[GIVEN INFORMATION — start]

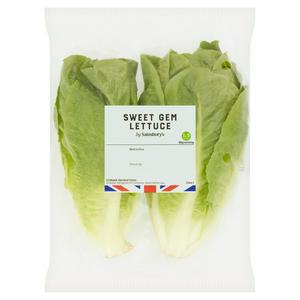 Sainsbury's Sweet Gem Lettuce x2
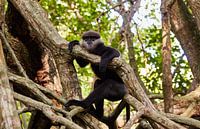 Aap in de bentota mangrove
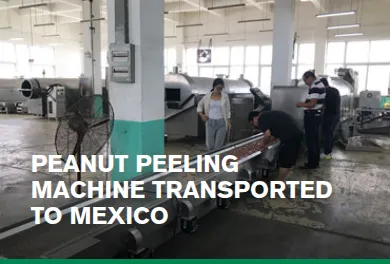 Peanut Peeling Machine Transported To Mexico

[GIVEN INFORMATION — finish]

ACTIVITY: Pictures must not appear in the copy, which must otherwise match the listing exactly.

PROBLEM SOLUTION:
 Sainsbury's Sweet Gem Lettuce x2
 Aap in de bentota mangrove
 Peanut Peeling Machine Transported To Mexico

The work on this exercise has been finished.